Here is a screenshot from our restaurant balance sheet template:
Liabilities refer to money you owe to others, such as recurring expenses and debts. There are two subcategories of liabilities:
- Current Liabilities: Any amount of money your restaurant has to pay within a certain period of time. Examples: salary, taxes, building rent, and loans.
- Long-Term Liabilities: It refers to long-term financial obligations of your restaurant, such as deferred tax payments, capital leases, etc.
Equities (Shareholders/ Stockholders Equity)
According to the formula/equation above, equity is what’s left to you after subtracting liabilities from assets. Known as retained earnings, it’s the amount you take home.

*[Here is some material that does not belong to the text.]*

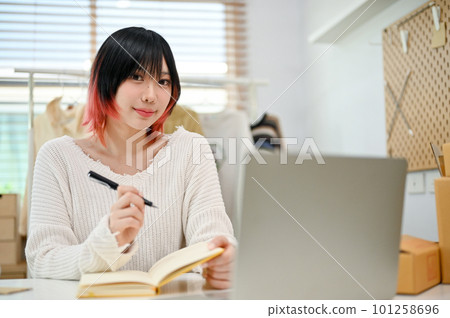 Attractive Asian female clothes shop owner taking online orders on her book. 101258696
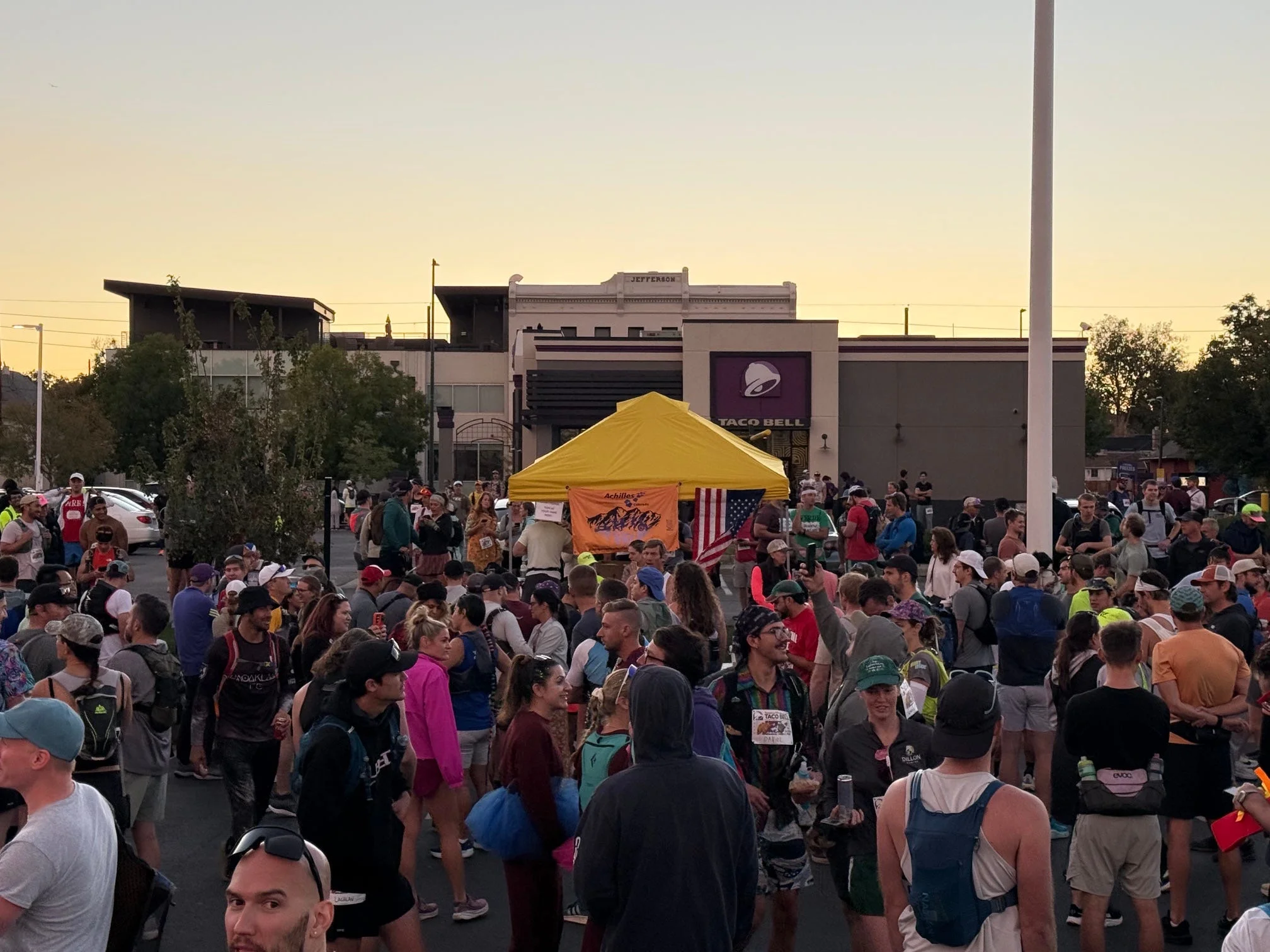A large crowd gathered around a yellow tent and a Taco Bell during an outdoor event at sunset. A large crowd gathered around a yellow tent and a Taco Bell during an outdoor event at sunset.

Here is a screenshot from our restaurant balance sheet template that displays liabilities and equity section:
Now, let’s begin with the process of creating a restaurant balance sheet:
Select a Balance Sheet Date: Decide whether you want to report monthly, quarterly, or yearly. Once you've decided this, pick a date to create and report your restaurant's balance sheet.
Add your Assets: Now, create a list of all the current assets (as per liquidity) and then the fixed assets. Add them and mention the ultimate value in the total assets section.
Add your Liabilities: Start listing the current and non-current liabilities. Add the sections' values individually and sum up their sub-total.
Calculate the Equity and Verify the Balance Sheet: Find out the shareholders' equity along with its working capital and retained earnings. Once done, verify whether the sum of liabilities and equities equals assets. If it does, you have estimated the values correctly.
How do you Read a Restaurant Balance Sheet?
Well, reading a balance sheet is very easy if you know the basics. By now, we hope you’re familiar with what assets, liabilities, and equity are.
Let’s check out the following restaurant balance sheet example to understand better:
As you see from the restaurant balance sheet example above, it's arranged in two sections. Assets are on the left, and the right side lists the restaurant's liabilities and equity. In the last row, you see that the value of total assets equals the combined value of liabilities and equity. It means all values put into the sheet are accurate.
A clean and accurate restaurant balance sheet provides a complete picture of debt and helps create strategies to increase your profitability. Based on this statement, you can create financial projections for your business, pitch to investors, and even apply for a loan.
Use a Restaurant Balance Sheet Template to Make Things Easier
Luckily, there are balance sheet templates for restaurants that make it easier to create these statements, even if you know nothing about accounting. These templates consist of dedicated sections assets, liabilities, and equity. We have two templates available:
1) Restaurant Balance Sheet Spreadsheet Template - use this if you are an existing restaurant and you have been asked to provide a current balance sheet
2) Restaurant Sales Forecast & Projection Template - use this if you need to create up to 5 years of financial projections including a balance sheet, cash flow statement, and profit and loss.
Simply purchase, download, fill out, and you’re done. The best part is that you can use this for any type of restaurant facilities, such as coffee shops, bars, and alike.
To sum up, you see how important and easy it is to create balance sheets for your restaurant. Like every other business, the long-term success of your restaurant depends on data-driven decisions. Using restaurant balance sheets with profit & loss statements helps you understand your business's current financial health and discover opportunities to grow revenue.